→ Assignment: Retype the data that follows exactly. No pictures belong in the copy.

-- Supplied information follows --

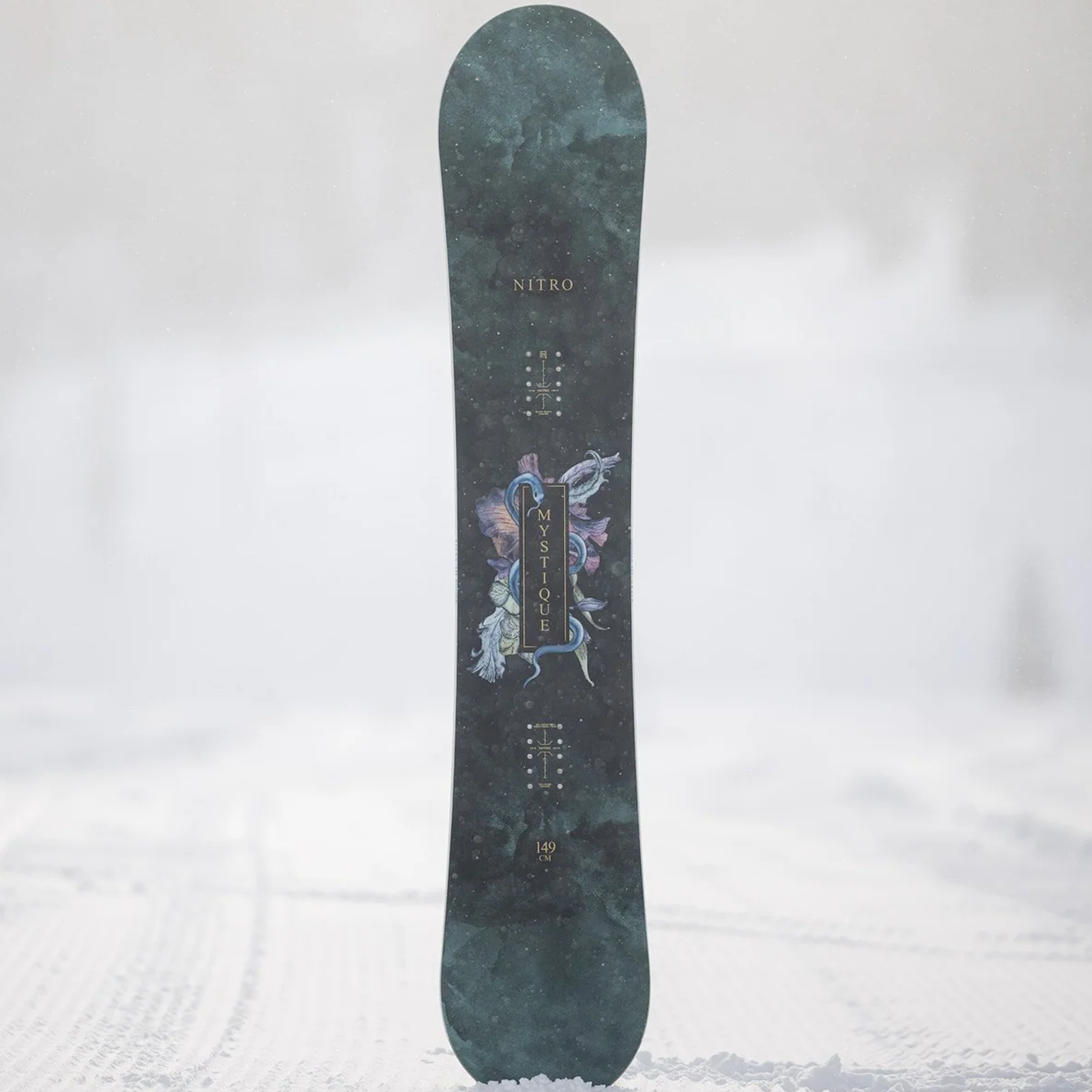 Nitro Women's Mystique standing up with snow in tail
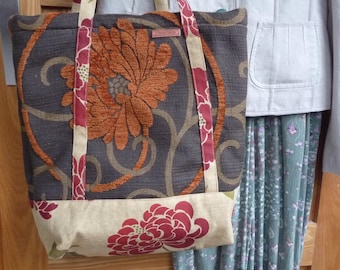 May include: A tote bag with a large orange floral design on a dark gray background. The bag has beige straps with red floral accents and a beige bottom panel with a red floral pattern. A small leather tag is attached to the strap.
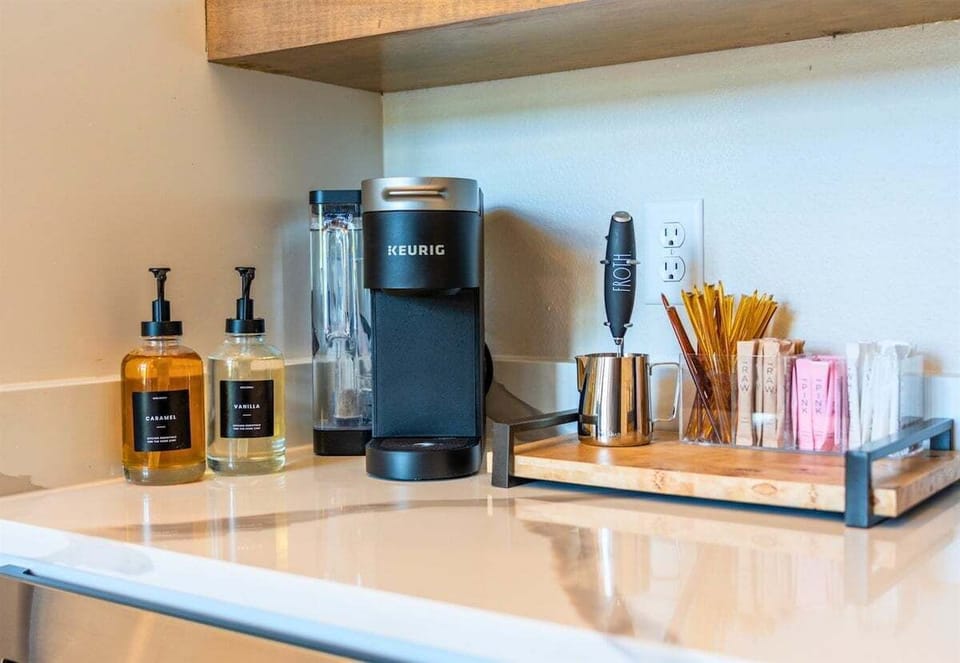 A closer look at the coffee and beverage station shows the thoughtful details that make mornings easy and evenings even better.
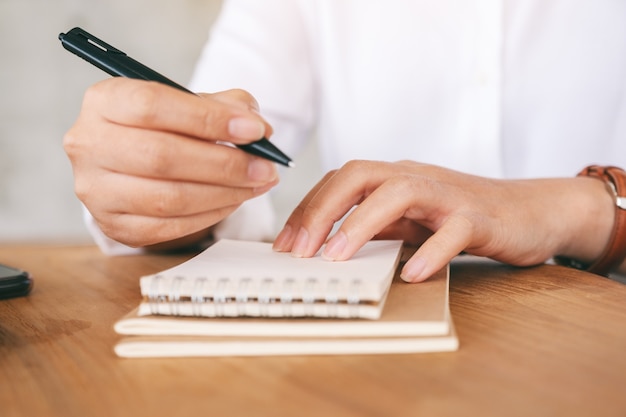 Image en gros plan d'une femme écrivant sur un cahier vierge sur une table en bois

-- Supplied information concluded --

→ Written reply:
 Nitro Women's Mystique standing up with snow in tail
 May include: A tote bag with a large orange floral design on a dark gray background. The bag has beige straps with red floral accents and a beige bottom panel with a red floral pattern. A small leather tag is attached to the strap.
 A closer look at the coffee and beverage station shows the thoughtful details that make mornings easy and evenings even better.
 Image en gros plan d'une femme écrivant sur un cahier vierge sur une table en bois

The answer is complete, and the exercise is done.